LOS ANGELES – One night after they had lost in Los Angeles to a Lakers team that hadn't won in three weeks, the Timberwolves on Wednesday at Staples Center beat 108-102 a chugging Clippers team that even without Blake Griffin had lost just three times since Christmas.

The Wolves ended a five-game losing streak and won on the second night of back-to-back games for the first time this season, after seven unsuccessful tries. It was also their first road victory since winning at Brooklyn five days before Christmas.

They did so in an ESPN national cablecast with young star Andrew Wiggins scoring 31 points – 21 of them in the first half alone – for the second time in 24 hours, his seventh 30-point game this season and the second time this season he has had back-to-back 30-point games.

Fellow No. 1 overall pick Karl-Anthony Towns missed his first six field-goal attempts, made six of his next seven and finished with a 17-point, 12-rebound double-double during a game when the Wolves pounded the Clippers 50-36 on points in the paint.

Second-year guard Zach LaVine scored 17 points off the bench and the Wolves ended a 14-game losing streak to the Clippers, winning for the first time since Wiggins had just turned 17 and Towns and LaVine were 16 years old in February 2012.

"We believe in our young guys and we're going to ride with them," Wolves interim head coach Sam Mitchell said afterward, "because they're going to lead us eventually to where we've got to go and where we want to go. We believe that. Nights like this helps their maturity, helps their professionalism, helps their growth and it gives them confidence."

Wiggins scored just 10 points after halftime, but his spinning, fade shot with 47.6 seconds broke a score tied at 98 and put the Wolves ahead to stay one night after he had exchanged such moves with the great Kobe Bryant down the stretch against the Lakers.

"He's playing good, he's stepping up," said Wolves point guard Ricky Rubio, whose eight-point, seven-assist, five-rebound, five-steal night was his 15th career game with at least five in those categories. "That what we need from him."

Wiggins shot 12-for-21 from the field and made three of the Wolves' eight three-pointers in a game where they almost kept pace, at least by their standards, with the Clippers' 11 made threes.

"I'm very confident in my game," Wiggins said on the final night of a four-game Western road trip that started with him making 5 of 29 shots in losses at Utah and Portland. "I just try to stay consistent."

The Wolves made some of the same mistakes they did in the closing minutes of Tuesday's 119-115 loss to the sinking Lakers, only fewer of them.

Trailing by seven points late in the second quarter and leading by 10 midway through the third quarter, the Wolves let get away a 96-88 lead with 4 ½ minutes left and still persevered in the final minute, holding firm while the veteran Clippers became the team that missed shots and made mistakes.
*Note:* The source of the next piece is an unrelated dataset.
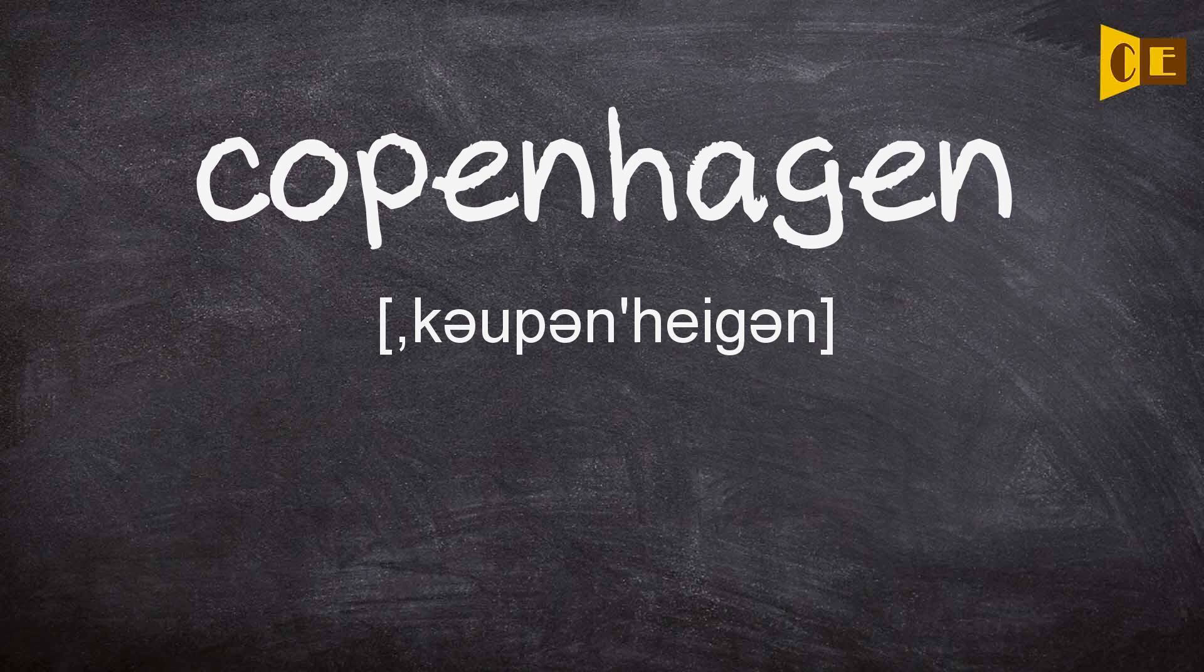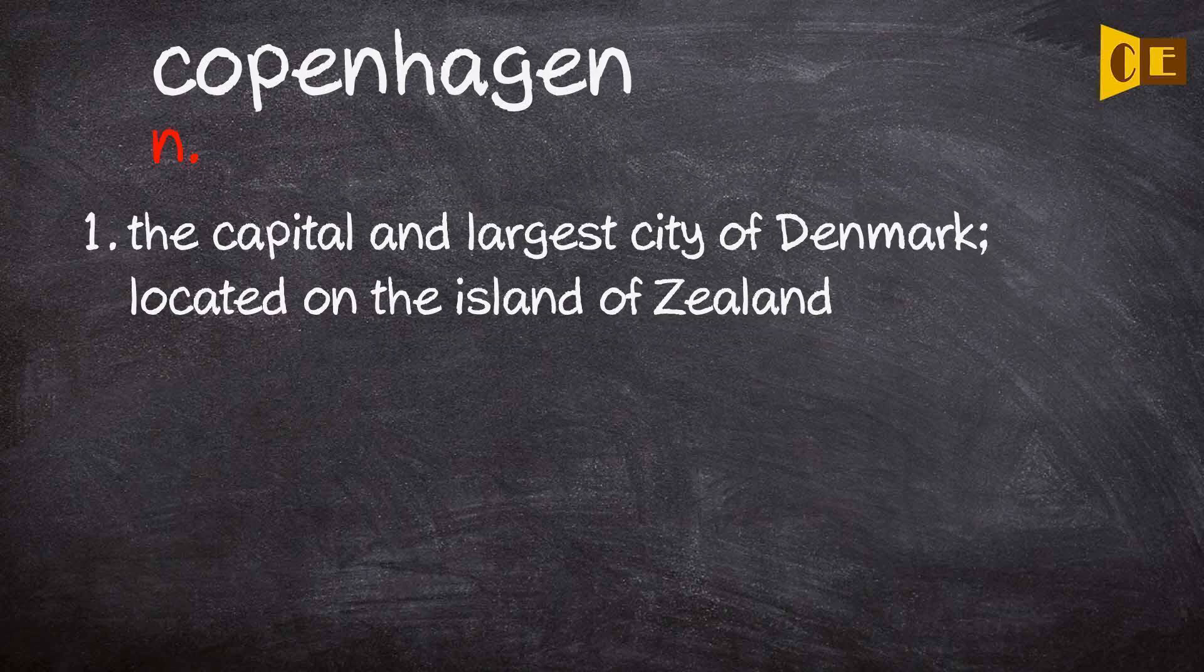Copenhagen. Noun. 1. The capital and largest city of Denmark, located on the island of Zealand.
Wolves veteran forward Tayshaun Prince played more than 31 ½ minutes and limited Clippers guard J.J. Redick to a 1-for-9, five-point shooting night after Redick has helped carry his team since Griffin has been out with first a partially torn quad and now a fractured hand after punching an assistant equipment manager during a night out in Toronto.

Included among Wednesday's mistakes: Clippers All-Star point guard Chris Paul's technical foul with 20.6 seconds left when he clapped his hands together angrily after being called for a foul while double-teaming Ricky Rubio with the Wolves leading 102-100 at the time.

Rubio made two of the three subsequent free throws to give the Wolves a four-point lead they never surrendered again.

Paul said he apologized to his teammates after the game and before the Clippers head out Thursday morning on a four-game Eastern trip that leads into next week's All-Star break.

"You cannot get techs in the fourth quarter," Paul said. "That was a big call…This was a must-win for us. Every night is like that and this cannot happen. As a captain, that is on me."